The Cleveland Press stated that his appointment was a gamble “on talent, intelligence and youth rather than an established symphonic experience. …”
And Rodzinski was a tough act to follow. He had a loyal following and a national reputation. Board members who found Leinsdorf aloof or just plain brash were able to put off worrying about him when he was drafted into the Army in January 1944. By the time Leinsdorf was discharged and returned to Severance in the autumn of ’45, his musical world had turned upside down. Orchestral standards had dropped because of the effects of the draft, and this was blamed on the conductor – not the war.
There had been a great parade of guest conductors in Cleveland during those war years, but the turning point was Nov. 2, 1944, when a conductor named George Szell walked on stage and electrified the audience with a performance the likes of which no Clevelander had ever heard before.
In December, a second series of concerts of Beethoven, French and Russian music, followed by Brahms and Bartok, swept the audience, musicians and critics completely away.
One critic said, “This was surely not the same orchestra we have been listening to all season.” The Cleveland Press said, “Cleveland probably can have Mr. Szell, but on his terms and his terms only – absolute power!” Exactly. And when George Szell was made orchestra director in 1946, Cleveland’s whole musical world was changed forever.

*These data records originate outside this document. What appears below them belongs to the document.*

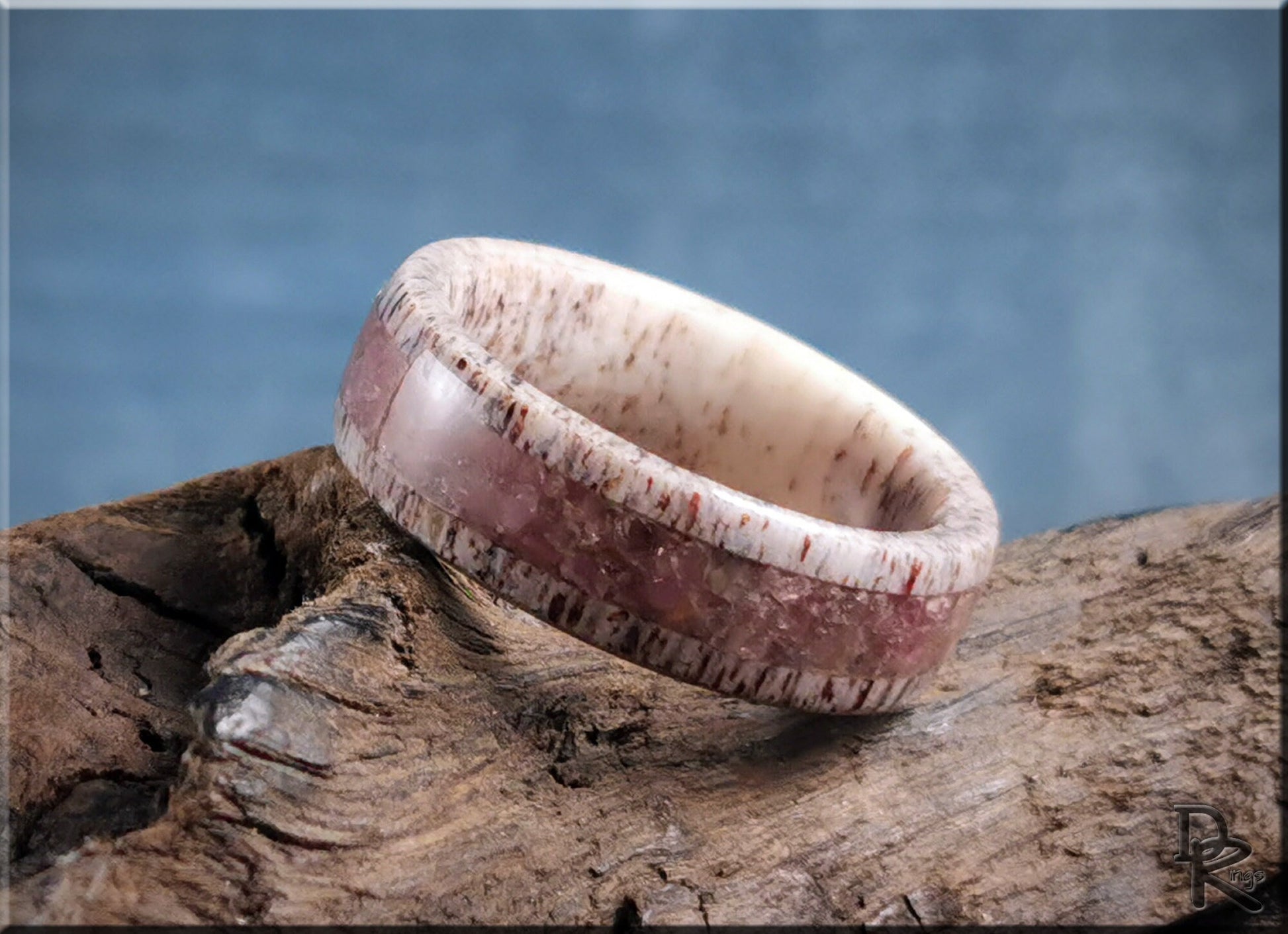 Deer Antler Channel Ring w/Watermelon Tourmaline inlay - antler ring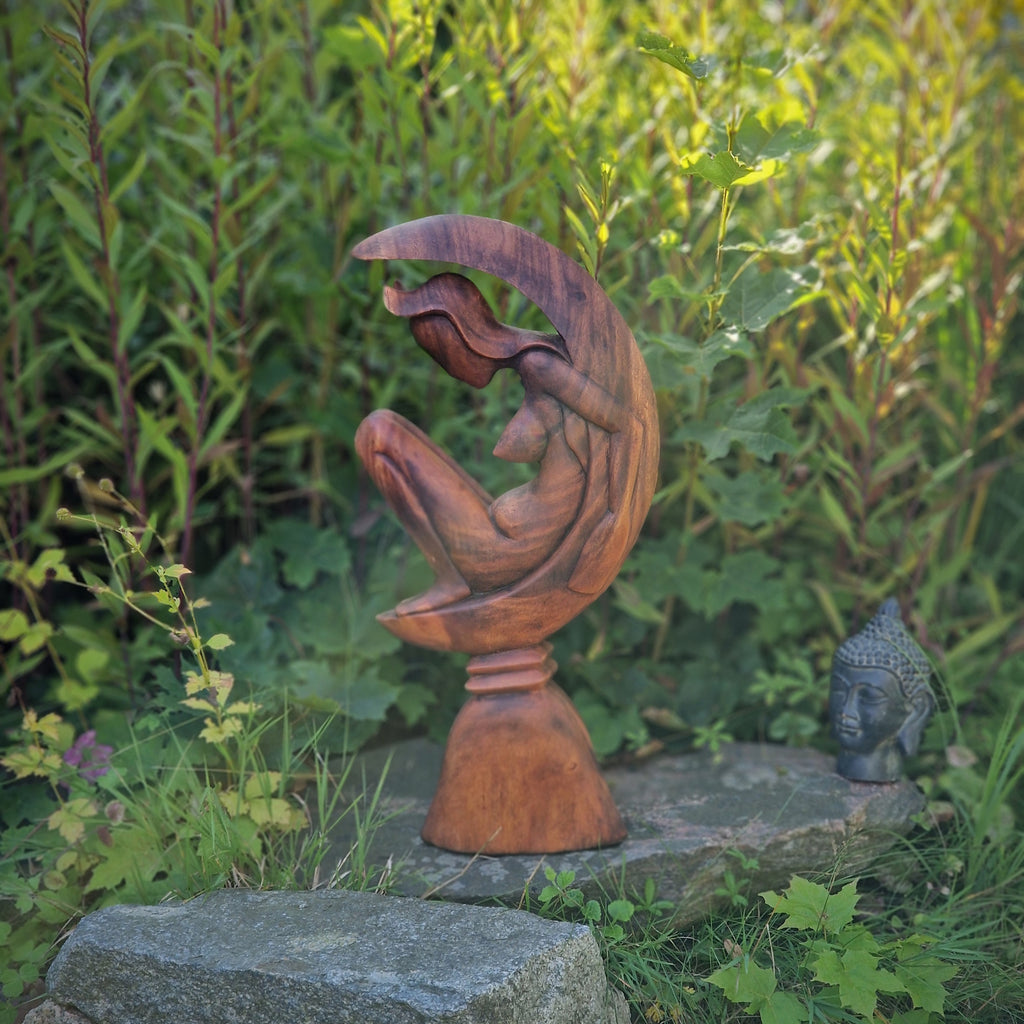 Budawi® XL Holzskulptur Figur Statue Frau nackt im Mond Höhe ca. 58 cm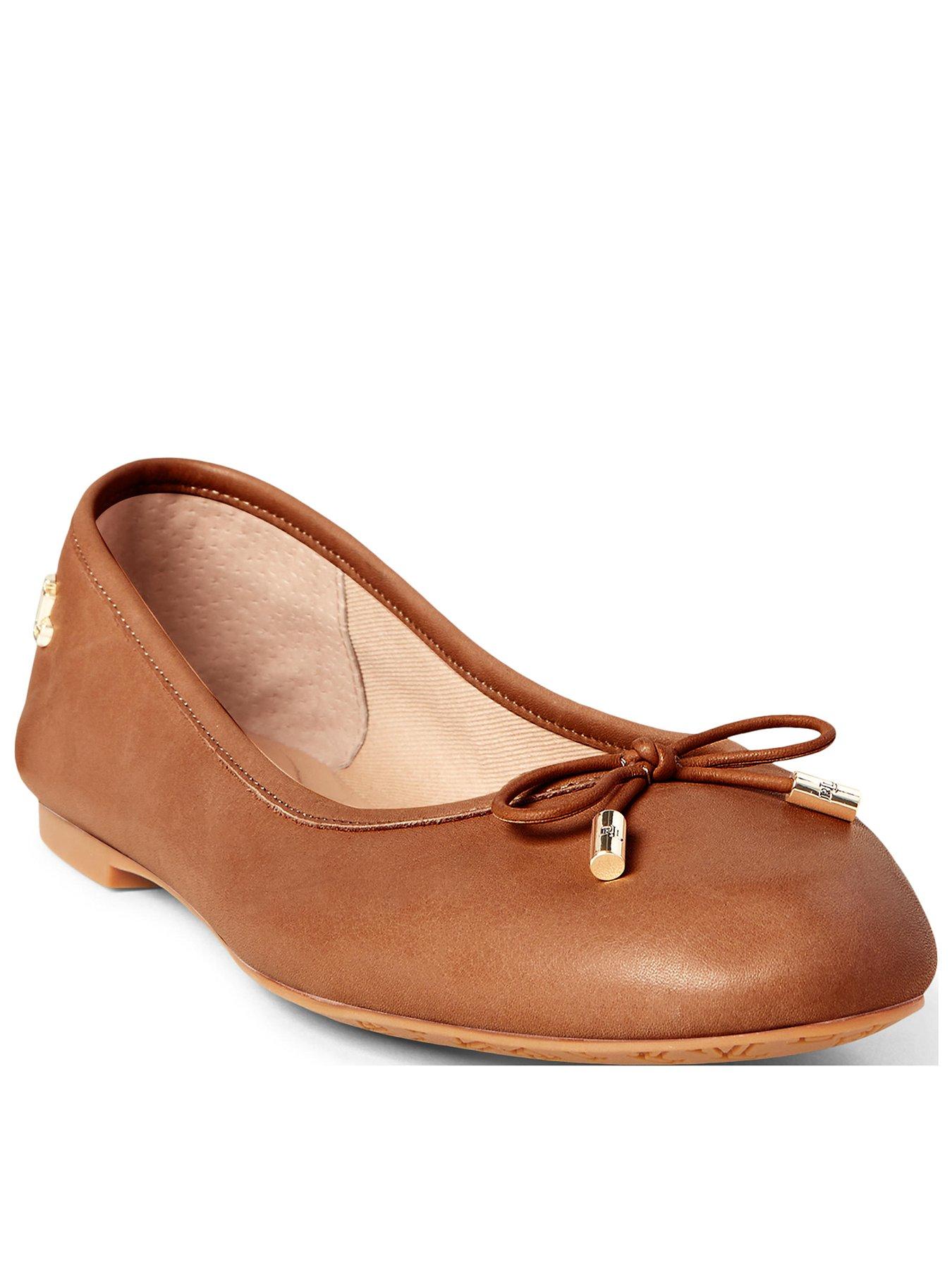 Image 1 of 5 of Lauren by Ralph Lauren Jayna Leather Flats - Tan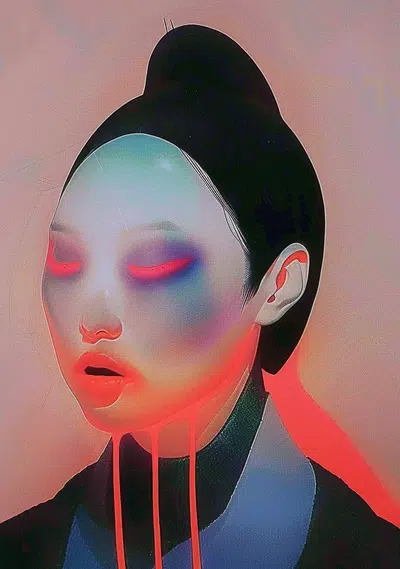 a woman's portrait with a dramatic and colorful makeup look. she has bold, red eyes and lips, and her face is highlighted with holographic shimmer. her black hair is pulled back in a simple style.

Actually, the Szell legend had been forming earlier. He was born in Budapest in 1897 of Czech background, was a child prodigy who appeared in a public concert at the age of 11, and at 16 led the Vienna Philharmonic when the regular conductor fell ill. Szell was a conductor of a type that no longer exists: Philadelphia’s Ormandy, Boston’s Koussevitsky, NBC’s Arturo Toscanini – men with a commitment to their orchestras.
Szell was a pefectionist, a taskmaster who some feared, dictatorial, as demanding in rehearsal as on the concert stage – but just as demanding of himself. Legend has it that he transformed the orchestra with one rehearsal, saying. “There are no bad orchestras, only bad conductors.” True or not, he definitely did say, “where others stop playing, we begin to rehearse.”

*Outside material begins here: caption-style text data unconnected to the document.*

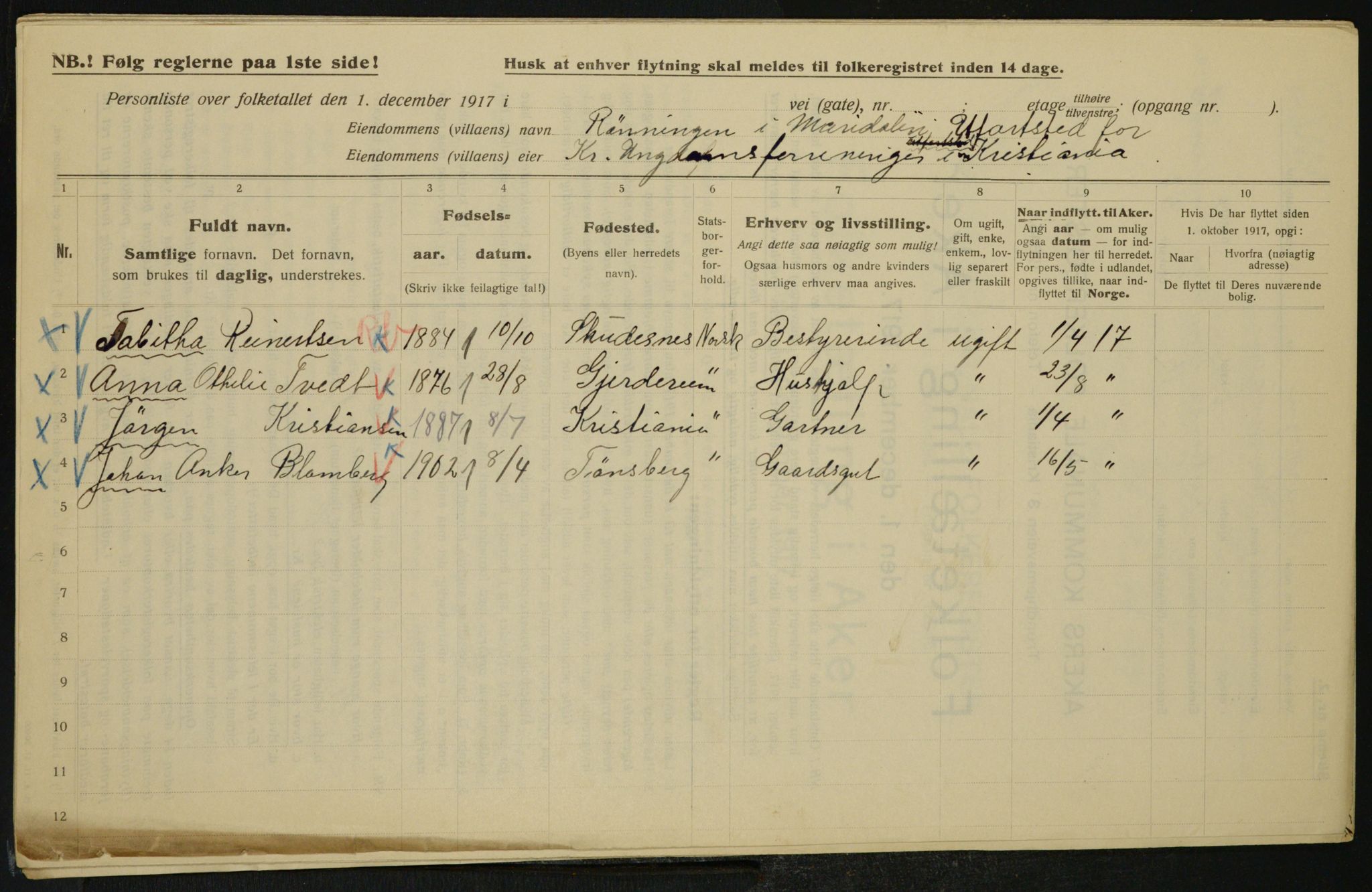 OBA, Municipal Census 1917 for Aker, 1917, p. 14184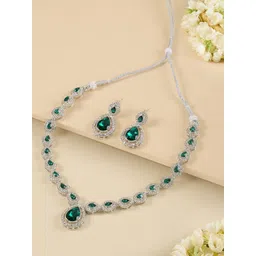 AMI Silver Plated American Diamond Jewellery Set-picture-41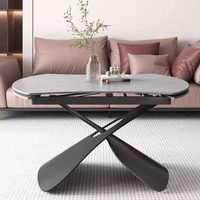 Table basse multifonctionnelle moderne extensible et réglable en hauteur, en acier inoxydable avec plateau en marbre, pour salon, meubles de maison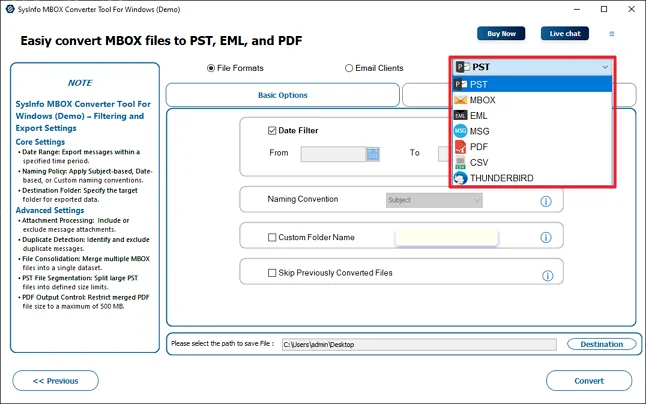Thereafter, choose the PST file format.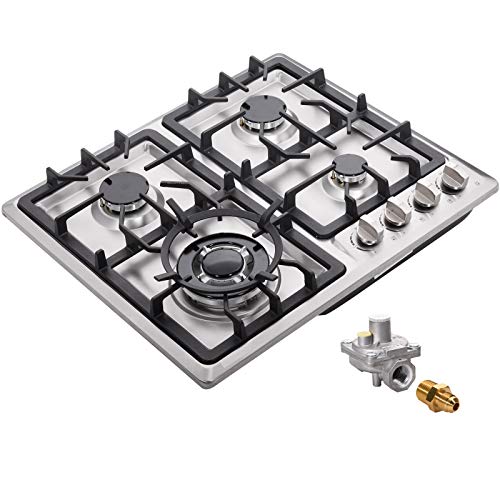 24" Stainless Steel Dual Fuel Gas Cooktop with 4 Sealed Burners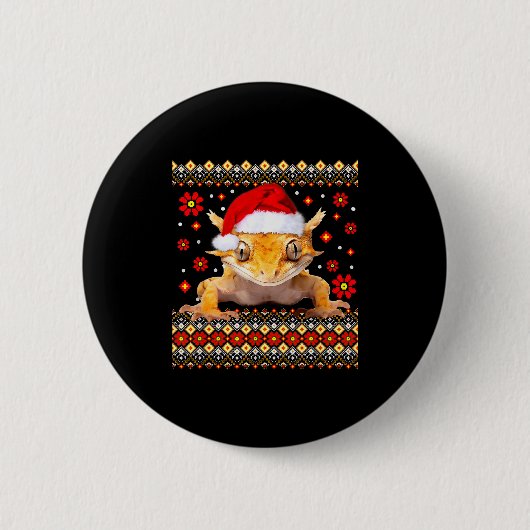 Badge Rond 5 Cm Crested Gecko Ugly Christmas Sweater (Devant)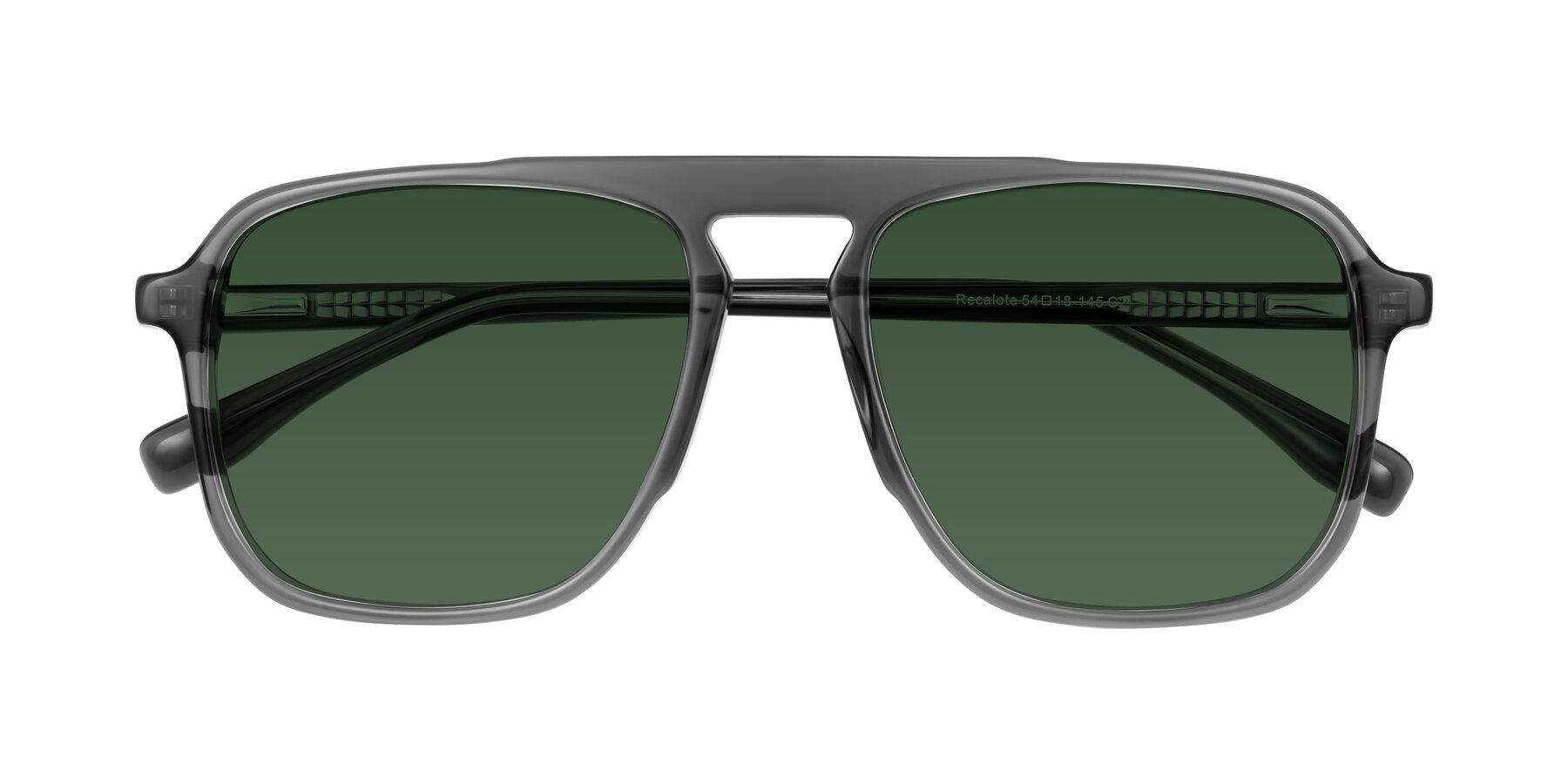 Folded Front of Recalote in Transparent Gray with Green Tinted Lenses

Somebody once said that “the Cleveland Orchestra plays six concerts a week and admits the public to the final two.”
His repertoire emphasized the classic and romantic periods, but he did the “modern classics” also, and was hardly the Beethoven, Brahms and Schumann captive that legend would have him.
It was once said he was his own worst enemy – until the Metropolitan Opera’s Rudolf Bing retorted, “Not as long as I’m alive!”
He would tell the musicians what color socks to wear, how to have their glasses adjusted, how to take a nap. He once fired a musician for driving too good a car and not spending enough on his violin. He ordered the stationery, approved record jackets, and checked the box-office receipts every morning, arriving ahead of the orchestra. He would rehearse the national anthem, “Happy Birthday,” a comedy routine with Jack Benny – all with equal intensity.
Szell lived to see the realization of his dream of a summer home for his orchestra when Blossom Music Center opened in 1968, built on 500 acres in the Cuyahoga River Valley halfway between Cleveland and Akron. He died July 30, 1970, when the orchestra under Pierre Boulez was playing a concert there, leaving a city stunned.
Harold Schonberg of the New York Times said, “The world of music will miss the authoritarian, profound George Szell, he of the perfect ear and flawless technique, the master of rhythm, balances, and textures, the creator of structure in sound. …” Time magazine said, “He demonstrated an unswerving aural vision of how music should sound … and the almost psychic power of leadership to make it sound that way. …”
Szell would say with pride of his Cleveland Orchestra, “That is how we make music in Cleveland!” To cities all over the world, Cleveland was known because of how the “Szell orchestra” made music.